_MATERIAL FOR THIS TASK:_
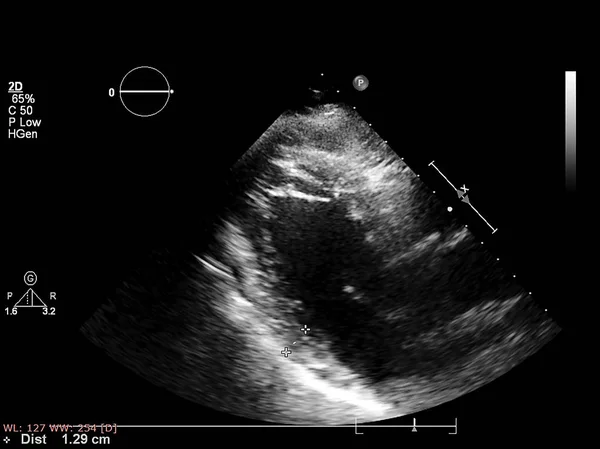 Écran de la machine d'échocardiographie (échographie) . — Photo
...
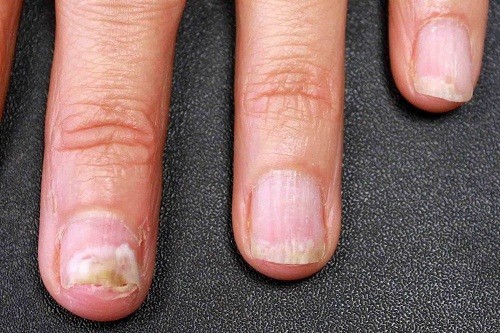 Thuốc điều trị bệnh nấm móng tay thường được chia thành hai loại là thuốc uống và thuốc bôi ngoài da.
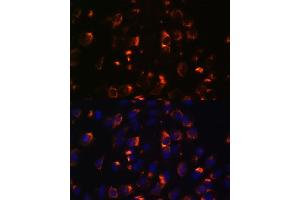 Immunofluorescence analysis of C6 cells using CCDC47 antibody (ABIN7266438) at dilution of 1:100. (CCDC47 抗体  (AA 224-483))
...
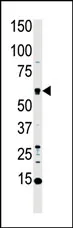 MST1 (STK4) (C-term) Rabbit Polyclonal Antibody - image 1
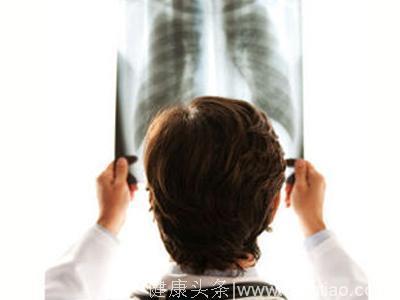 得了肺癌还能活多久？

_PROBLEM:_
Each line above from the one containing "Thuốc điều trị" through the one containing "Immunofluorescence analysis of" is to be returned verbatim. Nothing else, and no pictures.

_SOLUTION TO THIS EXERCISE:_
 Thuốc điều trị bệnh nấm móng tay thường được chia thành hai loại là thuốc uống và thuốc bôi ngoài da.
 Immunofluorescence analysis of C6 cells using CCDC47 antibody (ABIN7266438) at dilution of 1:100. (CCDC47 抗体  (AA 224-483))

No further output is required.